*** Opening of Data to process ***

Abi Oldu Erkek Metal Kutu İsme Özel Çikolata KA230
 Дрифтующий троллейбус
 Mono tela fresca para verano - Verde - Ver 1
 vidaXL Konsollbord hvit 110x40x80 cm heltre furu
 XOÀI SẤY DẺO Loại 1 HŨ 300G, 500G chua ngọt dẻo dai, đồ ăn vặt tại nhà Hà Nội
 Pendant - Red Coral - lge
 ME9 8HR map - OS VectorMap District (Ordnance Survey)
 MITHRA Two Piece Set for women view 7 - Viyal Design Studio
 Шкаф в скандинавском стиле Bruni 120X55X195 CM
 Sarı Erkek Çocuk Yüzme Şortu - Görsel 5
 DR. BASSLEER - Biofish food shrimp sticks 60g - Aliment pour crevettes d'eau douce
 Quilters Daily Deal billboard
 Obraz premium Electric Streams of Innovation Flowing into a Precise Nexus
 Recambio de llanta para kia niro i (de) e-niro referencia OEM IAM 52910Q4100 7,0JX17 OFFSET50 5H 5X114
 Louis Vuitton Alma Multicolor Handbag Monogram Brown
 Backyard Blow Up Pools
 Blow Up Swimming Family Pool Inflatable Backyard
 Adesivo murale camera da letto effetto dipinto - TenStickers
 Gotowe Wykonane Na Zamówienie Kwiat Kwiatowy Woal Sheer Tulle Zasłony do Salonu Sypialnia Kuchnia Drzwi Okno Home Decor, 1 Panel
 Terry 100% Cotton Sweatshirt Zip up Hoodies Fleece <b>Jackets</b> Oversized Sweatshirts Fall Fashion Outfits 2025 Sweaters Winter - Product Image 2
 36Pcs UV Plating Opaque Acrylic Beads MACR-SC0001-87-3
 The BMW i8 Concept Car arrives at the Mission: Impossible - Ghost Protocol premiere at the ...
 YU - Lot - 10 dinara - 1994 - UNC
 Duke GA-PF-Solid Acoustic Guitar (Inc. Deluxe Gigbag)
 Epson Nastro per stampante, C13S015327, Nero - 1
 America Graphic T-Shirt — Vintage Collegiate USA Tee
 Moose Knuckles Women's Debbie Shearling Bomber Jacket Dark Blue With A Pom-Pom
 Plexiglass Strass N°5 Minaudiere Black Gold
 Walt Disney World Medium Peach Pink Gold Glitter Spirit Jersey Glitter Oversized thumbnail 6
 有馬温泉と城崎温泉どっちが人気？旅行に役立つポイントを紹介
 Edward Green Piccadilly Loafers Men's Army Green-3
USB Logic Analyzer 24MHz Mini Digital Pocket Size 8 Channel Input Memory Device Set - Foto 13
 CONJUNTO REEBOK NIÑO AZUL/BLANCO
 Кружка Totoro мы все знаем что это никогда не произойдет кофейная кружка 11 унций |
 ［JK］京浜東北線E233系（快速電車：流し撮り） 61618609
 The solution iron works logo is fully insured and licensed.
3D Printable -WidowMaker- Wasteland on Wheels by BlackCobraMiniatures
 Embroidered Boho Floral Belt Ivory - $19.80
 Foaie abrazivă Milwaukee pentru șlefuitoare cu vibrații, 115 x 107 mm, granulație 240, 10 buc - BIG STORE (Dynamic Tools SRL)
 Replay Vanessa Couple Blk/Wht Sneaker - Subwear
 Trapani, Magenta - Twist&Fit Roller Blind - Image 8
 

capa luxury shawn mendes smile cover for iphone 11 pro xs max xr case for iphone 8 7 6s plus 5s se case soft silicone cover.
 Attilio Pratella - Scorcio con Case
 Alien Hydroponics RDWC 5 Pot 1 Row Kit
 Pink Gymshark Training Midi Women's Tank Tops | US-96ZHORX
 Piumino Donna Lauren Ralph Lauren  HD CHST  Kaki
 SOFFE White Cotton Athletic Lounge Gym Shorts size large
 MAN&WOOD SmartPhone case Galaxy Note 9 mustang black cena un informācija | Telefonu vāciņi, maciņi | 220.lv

*** Close of Data to process ***

▶ **Problem description**
Looking at the records above, which lines contain "Backyard"? Copy those lines.

▶ **Task answer**
 Backyard Blow Up Pools
 Blow Up Swimming Family Pool Inflatable Backyard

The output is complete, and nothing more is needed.